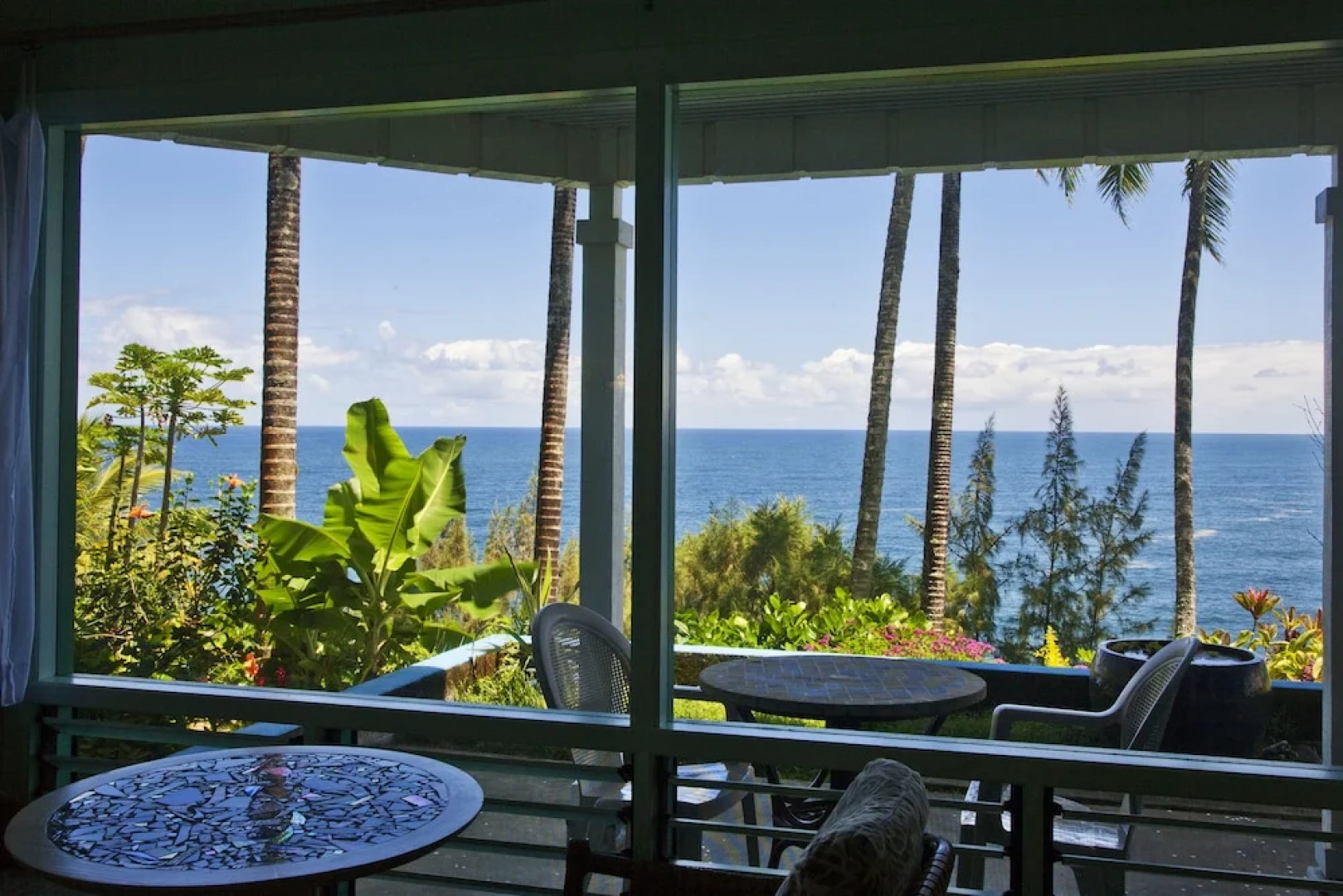 Hale Kai Hawaii Bed & Breakfast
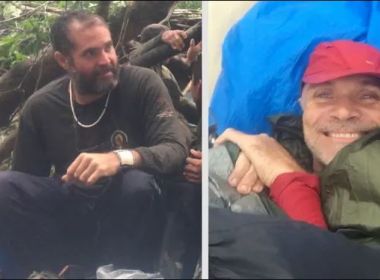 PF nega que foram encontrados corpos em área de busca por indigenista e jornalista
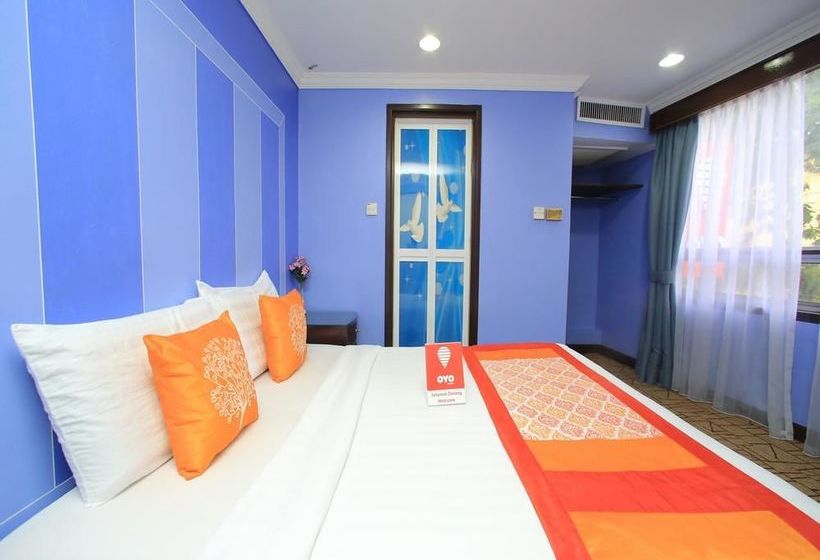 Fotos del hotel Zen Rooms Raja Laut:  14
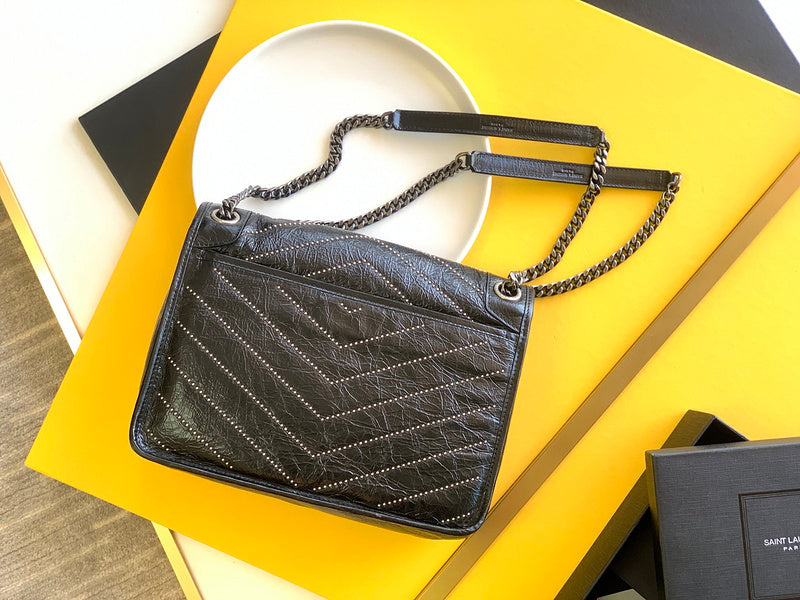 Glamy - YLS Bags - 056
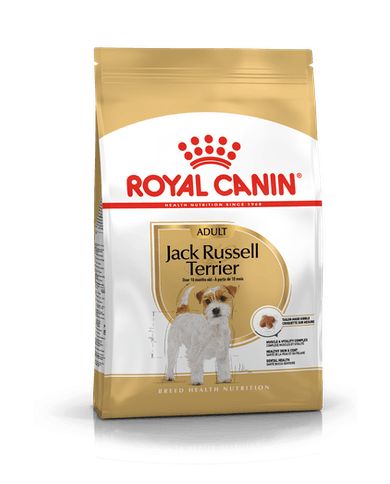 Royal Canin Jack Russell Adult 7.5Kg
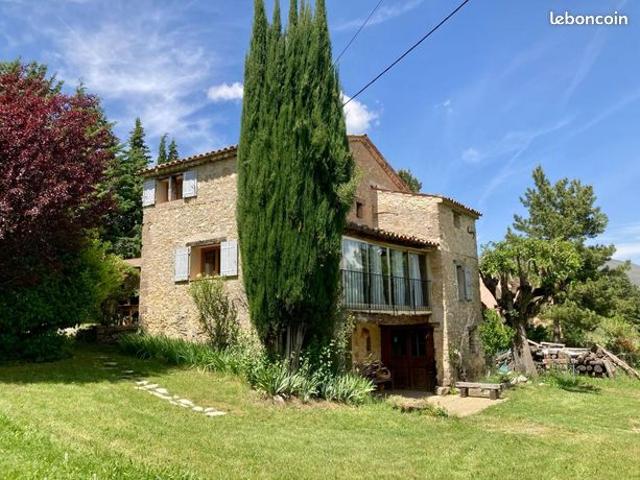 Villa 5 pièces 131 m²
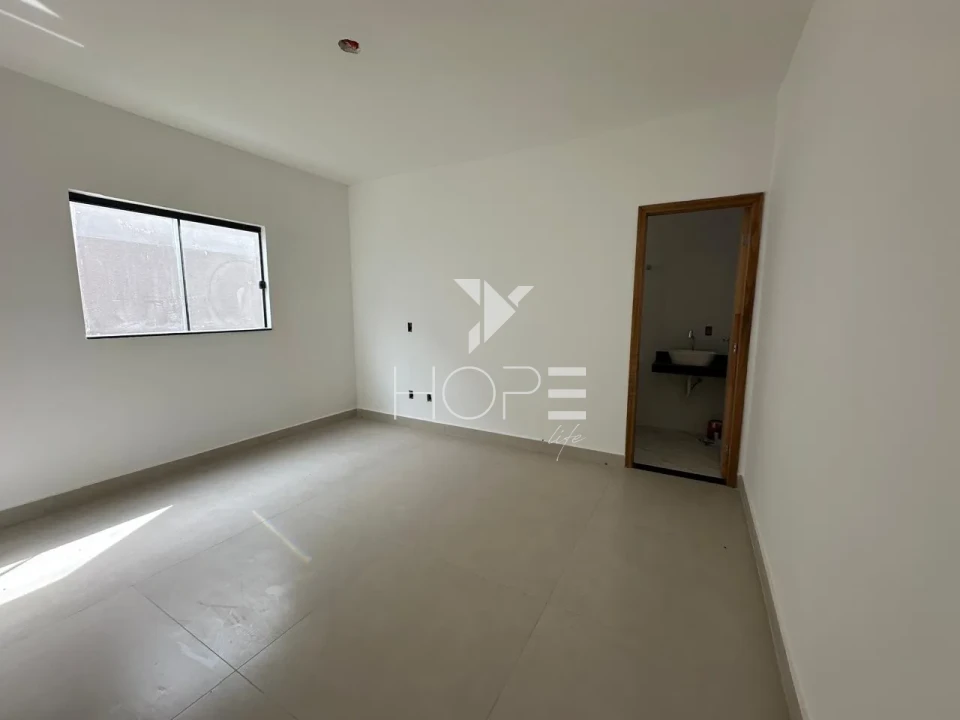 Imagens do imóveis Casa à venda com 3 quartos e 1 suíte no Jardim Colúmbia – 90 m² – Zona Oeste – Londrina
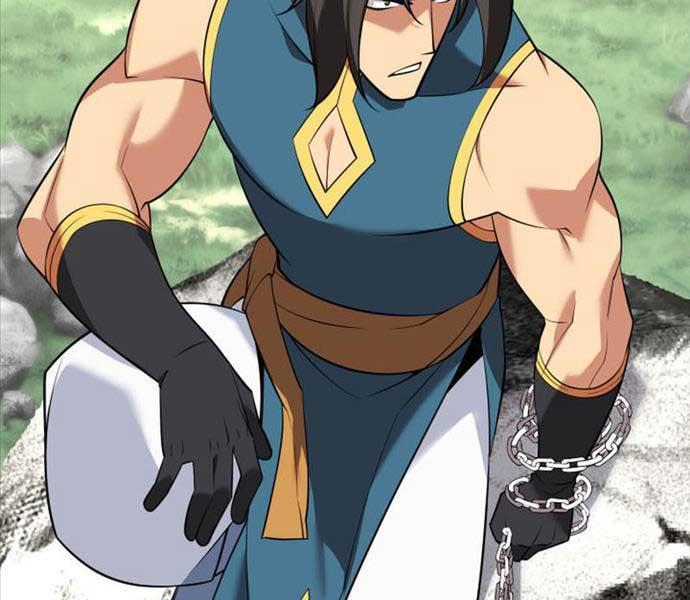 Thợ Rèn Huyền Thoại Chapter 211.1 - Trang 2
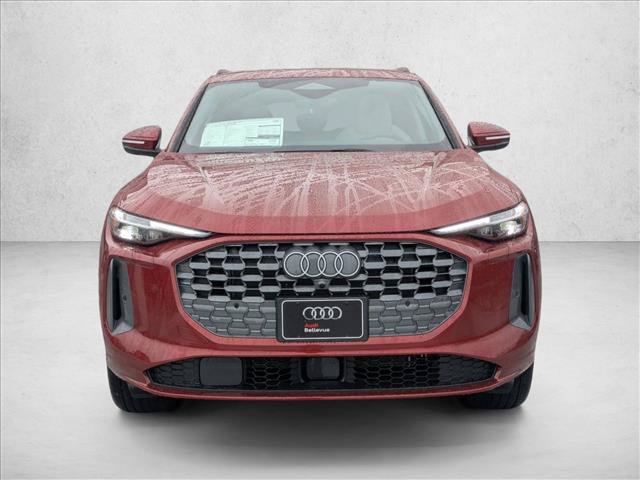 New 2025 Audi Q5 Premium AWD/4WD image 5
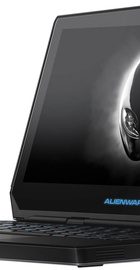 Dell Alienware (ANW13-8636SLV)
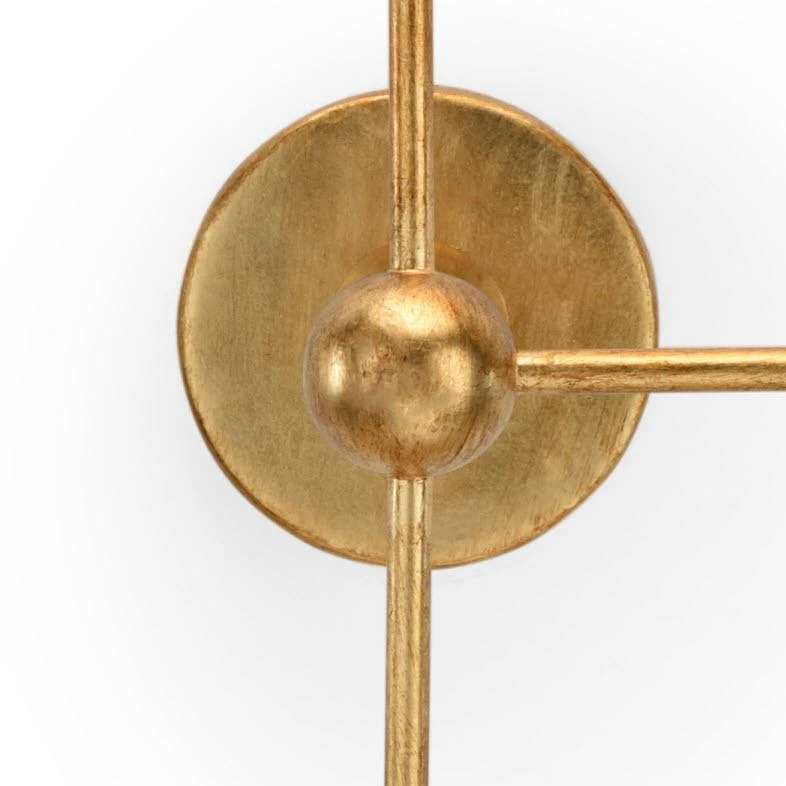 All Lighting Chelsea House Cavendish Sconce - Left 5 All Lighting Chelsea House Cavendish Sconce - Left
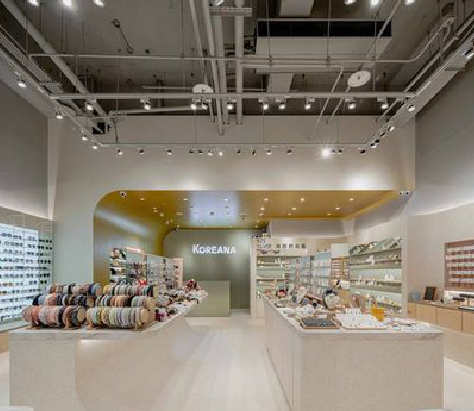 长垣店面装修流程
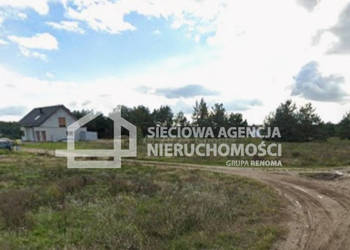 Oferta sprzedaży działki 1120m2 Chwaszczyno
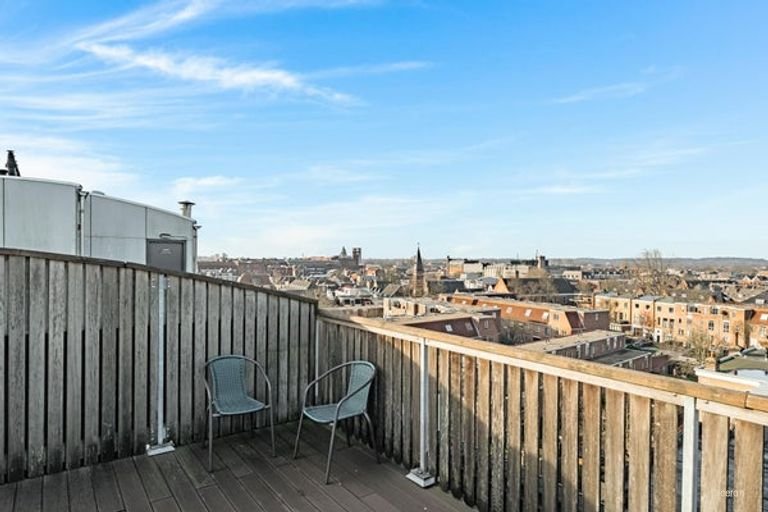 Penthouse met dakterras en garage - Afbeelding 58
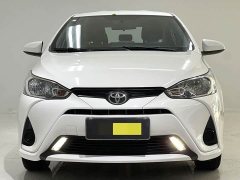 Toyota Yaris L Zhixiang 1.5L CVT Leading Edition - ფოტო 2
=====
-- Work to complete --
Reproduce exactly and only the lines from the one with "Dell Alienware (ANW13-8636SLV)" through the last entry, both included, excluding every picture.

-- Output for this exercise --
 Dell Alienware (ANW13-8636SLV)
 All Lighting Chelsea House Cavendish Sconce - Left 5 All Lighting Chelsea House Cavendish Sconce - Left
 长垣店面装修流程
 Oferta sprzedaży działki 1120m2 Chwaszczyno
 Penthouse met dakterras en garage - Afbeelding 58
 Toyota Yaris L Zhixiang 1.5L CVT Leading Edition - ფოტო 2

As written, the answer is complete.